Sostanzialmente quanto ho esposto alla fine per la terza situazione, vale anche per le altre; è sempre l'educazione alla parola a permettere l'evoluzione respiratoria atta a superare ogni difficoltà e ogni disomogeneità, nonché a consentire l'uso di ogni possibile timbratura relativa all'espressività necessaria al brano. La questione delle differenze dovute alla copertura del suono nell'acuto, è anch'essa un falso problema, laddove si deve partire dalla osservazione che ogni "passaggio" deve essere eliminato, cosa non solo possibile, ma necessaria e legata alle caratteristiche biologiche del corpo umano, che non è una macchina e gli apparati non sono meccanismi, ma strumenti che si modellano e si adattano a seconda delle esigenze.
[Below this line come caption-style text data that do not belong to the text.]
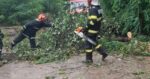 Vantul puternic cauzeaza primele probleme in Neamt Copaci doborati de vant in Piatra Neamt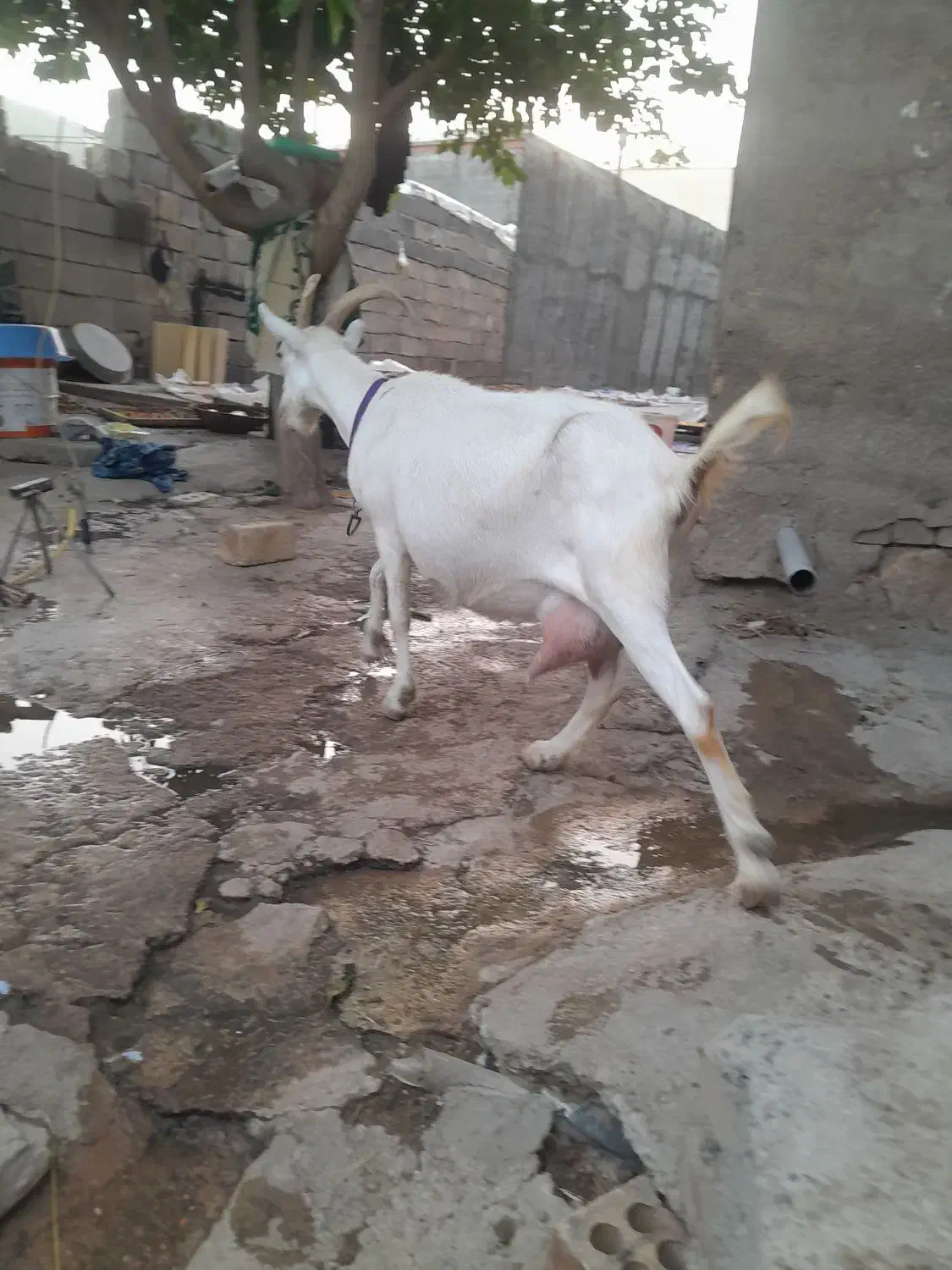 بز سانن شیری|حیوانات مزرعه|ماهنشان, |دیوار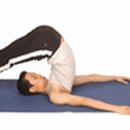 요가체조 이미지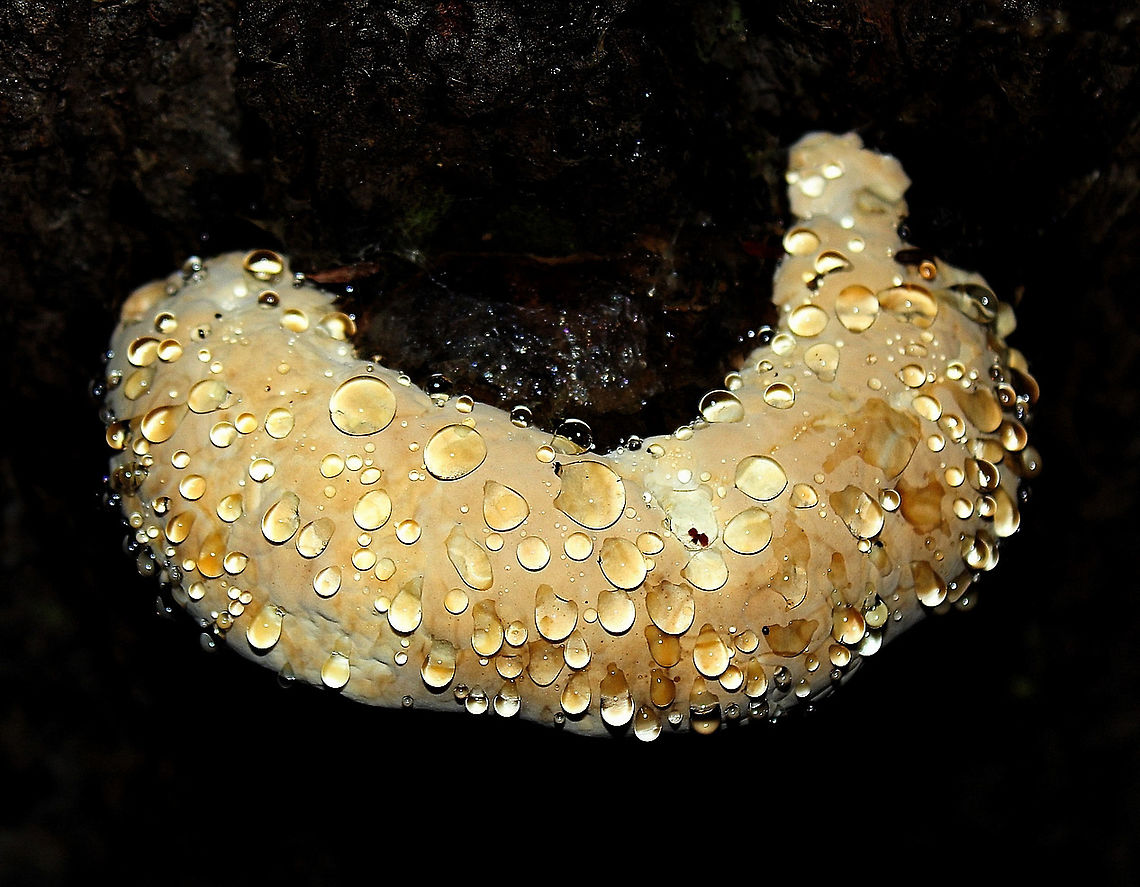 Guttation on Pseudoinonotus dryadeus The curious phenomenon of guttation - exuding beads of moisture. Here a clear liquid, but some species of fungi produce pigmented drops that can look like milk or even blood.<br />
<br />
 Fall,Fungi,Geotagged,Pseudoinonotus dryadeus,United States,autumn,guttation,pennsylvania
Ci vuole, naturalmente, chi abbia cognizione di questo e sappia operare per questo obiettivo con competenza e pazienza. 

Ci sarebbe ancora un quarto punto, che potremmo chiamare "omogeneità di imposto". In un certo senso ho trattato tra le righe questo aspetto. Un cantante ingolato può essere tutto ingolato, altri possono essere nasali, altri liberi ma parzialmente, il che è quasi sempre evidente quando si usano tecniche che si basano sulle posizioni, per cui un cantante che è stato educato a spingere verso il basso, avrà una omogeneità verso suoni scuri ma schiacciati, non modulabili nel piano, nel legato, ma sempre sostanzialmente declamatori e chi alza verso il naso o la fronte (la cosiddetta maschera) che dovrà fare compromessi per la tendenza allo spoggio o al nasaleggiamento. Purtroppo tutte queste metodologie non riescono a uscire da problemi e compromessi, e gli insegnanti migliori sono quelli che riescono a rendere meno gravosa la situazione, ma c'è da notare, con amarezza, che nessuno più vuole avere a che fare realmente con le antiche scuole e con i grandi cantanti del passato, pur raccontando falsamente di ammirarli e di prendere esempio.